Your university or college library should have a catalogue that can make it easier to find sources, or you can use Google Scholar as this will show you academic sources. Another idea is to look at the bibliographies of the texts you’ve already been reading as that can be a good jumping off point for finding other relevant sources. If in doubt about where to look, ask a librarian - they are trained in finding information and are there to help. They can also help in hunting out accessible versions of sources where they are available.

Look at the bibliographies of the texts you’ve already been reading for the class as that can be a good jumping off point for finding other relevant sources on your topic.
Step Three: Make a plan

If you’ve made sure you understand they question, and you’ve read your sources and made notes on them, now is the time to plan what you’re going to write. Although it can be tempting to dive straight in and write the essay, plans are a good idea for a couple of reasons. Firstly, writing a plan makes it less likely you’ll find yourself staring at a blank page with no idea what to write. It’s a bit like the warm up you do before you exercise - it gets you ready for writing. Secondly, having a plan will make it much easier to structure your essay once you start writing it.

Generally, an essay should include an introduction where you introduce your key arguments and what you will be writing about, the main body of the text, where you make your key points and use evidence to support your points, and a conclusion where you sum up what you have argued. The University of Manchester’s Phrasebank is a great resource that includes key phrases you can use to introduce your essay, refer to sources and conclude your essay.

Step Four: Start Writing

You’ve made sure you understand the question, you’ve done the reading and you’ve made a plan, now it’s time to write! If you’re prone to procrastinating, then the Pomodoro technique might help. Set a timer (there’s loads of them online) for 25 minutes and try and write solidly during that time. Then after 25 minutes, take a 5-minute break, then repeat for as long as you want. Depending on how long the essay is, it might be a good idea to give yourself targets. For example, if I had a 2000-word essay to write, I might aim to write 500 words a day for 4 days. Breaking it down can help if it feels daunting, though of course you need to give yourself enough time to write, it’s harder to break it down into smaller chunks if you’ve only got a day to write it all.

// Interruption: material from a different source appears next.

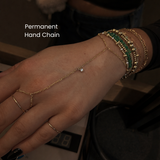 Close-up of a gold permanent hand chain bracelet connected from finger to wrist, layered with multiple gold and green beaded bracelets, showcasing dainty luxury jewelry and permanent hand chain styling in NYC.
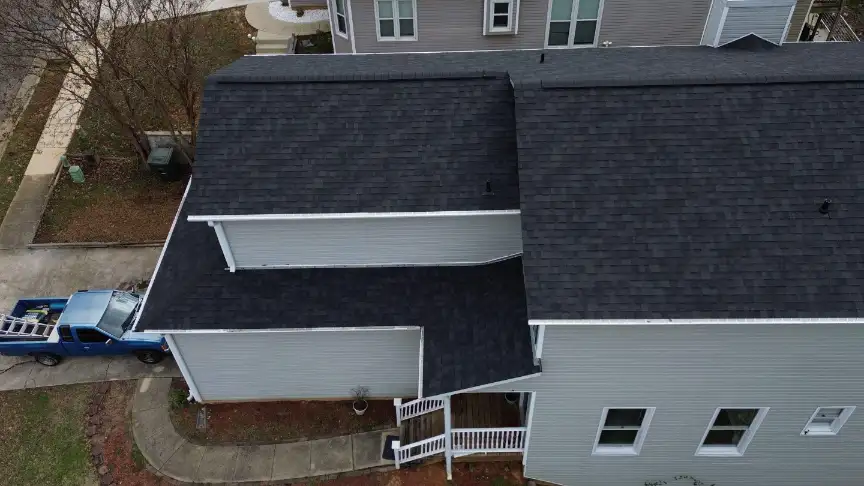 Finished dark roof on a gray-sided home with a truck in the drive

A plan is a bit like the warm up you do before you exercise - it gets you ready for writing.
Step Five: Edit

Once you’ve written your essay, read it back to check it makes sense and flows well. It’s a good idea to read it aloud if you can, or use Word’s read aloud feature. You’ll notice small mistakes better if you can hear them as well as read them. If you have a friend or family member who’s willing to help, you can also ask them to read it to see if it makes sense to them

At this point, it’s also a good idea to make sure your referencing is on point. Check with your tutor what referencing style you’ll need to use. Websites like Cite Them Right allow you to check whether you’ve cited a reference correctly, and you can use programmes like Endnote to keep all of your references in one place.

Step Six: Submit!

Submit your essay, making sure you’ve included all of the information you need and it’s been formatted how you’ve been instructed to format it (e.g., make sure it’s double spaced if you’ve been asked to, or in a specific font). Your teacher should give you instructions about how they expect you to format your work at the beginning of the year or before assigning your first essay - if they don't, you should always ask.

Step Seven: Feedback

When you get your essay feedback, it can be tempting to just look at your grade and then shove the feedback in a drawer, but reading your feedback will help you work out what to do next time. Your teacher should be happy to go through feedback with you, especially as it can help you improve.


This resource is only a very rough guide to approaching essays - every subject, tutor, and system is a little bit different, but knowing some good questions to ask about any assignment is always helpful. You can find lots more resources on good essay writing, academic language, citations, and accessibility online, or through your library.